Source data:
◇ ◇ ◇ ◇ ◇ ◇ ◇

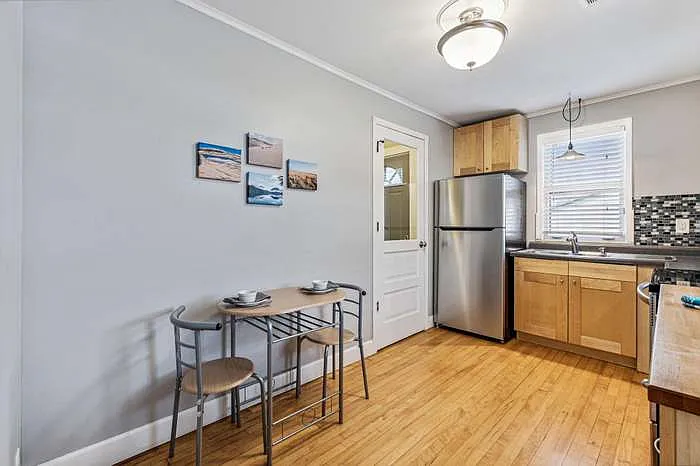 1165 Cook Ave E — Photo 4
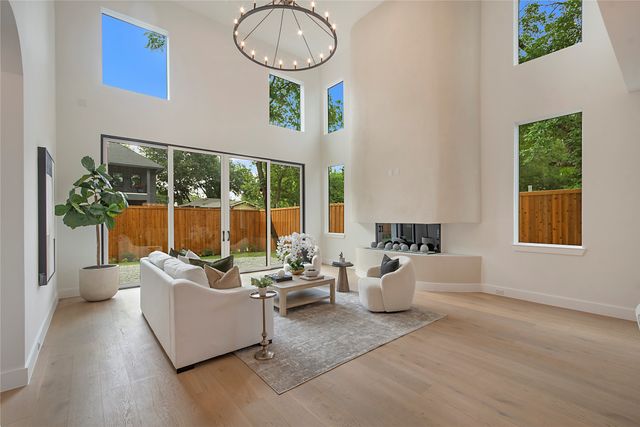 6628 Lockheed Avenue, Dallas, TX 75209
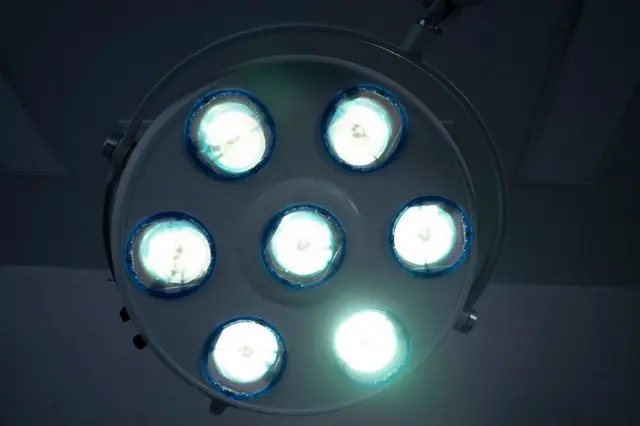 Luzes de uma sala de cirurgia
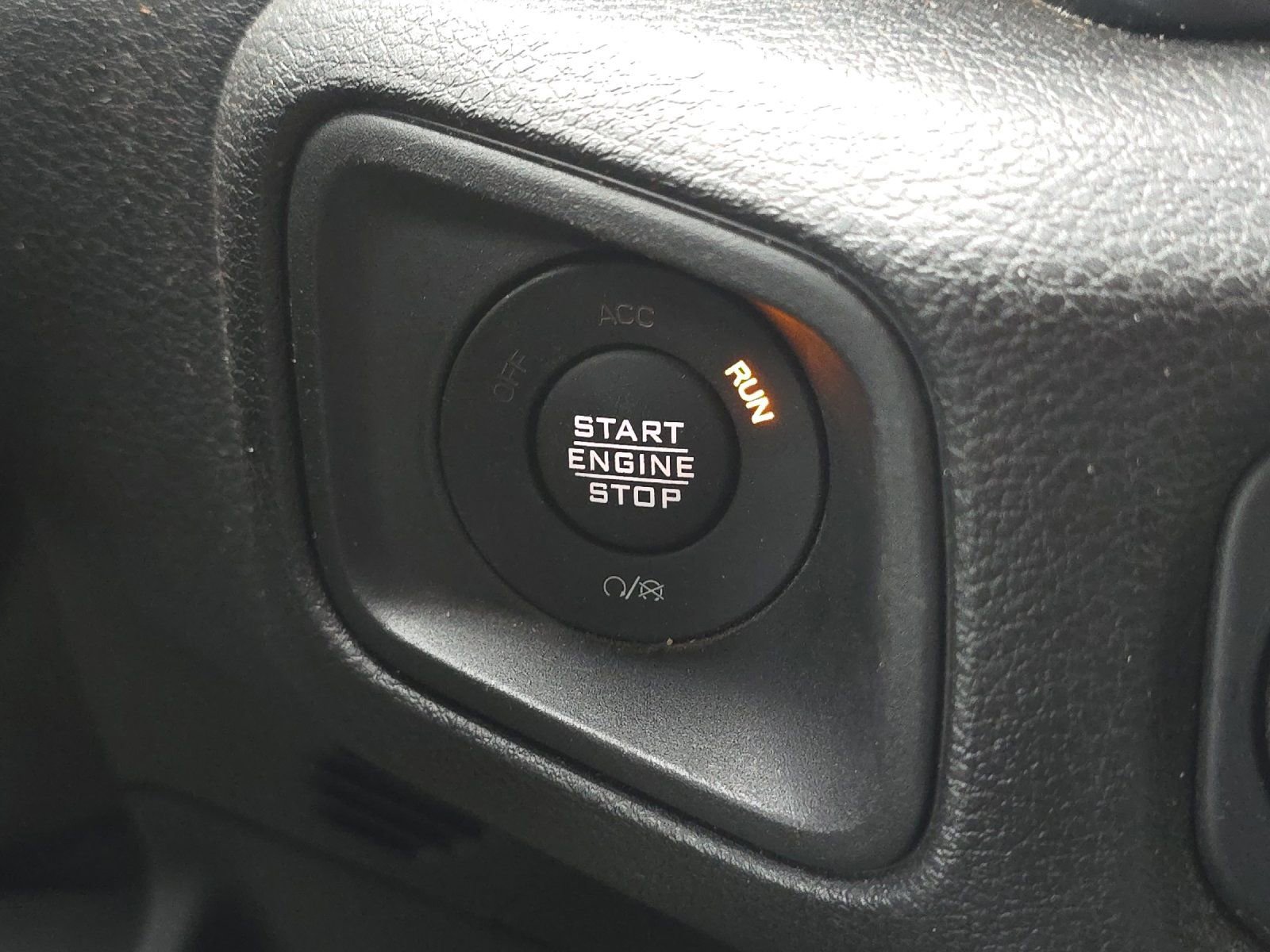 Used 2024 Jeep Wrangler Unlimited image 21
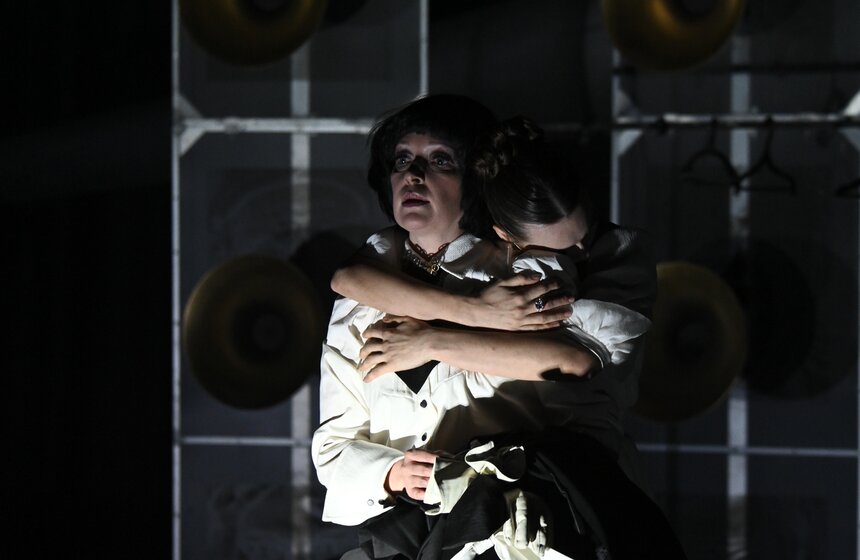 Спектакль "Пигмалион" представили в Театре сатиры 23 фото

◇ ◇ ◇ ◇ ◇ ◇ ◇

**What you need to do**.
Every record above should be written out again exactly; the pictures stay out of the copy.

**Answer box**.
 1165 Cook Ave E — Photo 4
 6628 Lockheed Avenue, Dallas, TX 75209
 Luzes de uma sala de cirurgia
 Used 2024 Jeep Wrangler Unlimited image 21
 Спектакль "Пигмалион" представили в Театре сатиры 23 фото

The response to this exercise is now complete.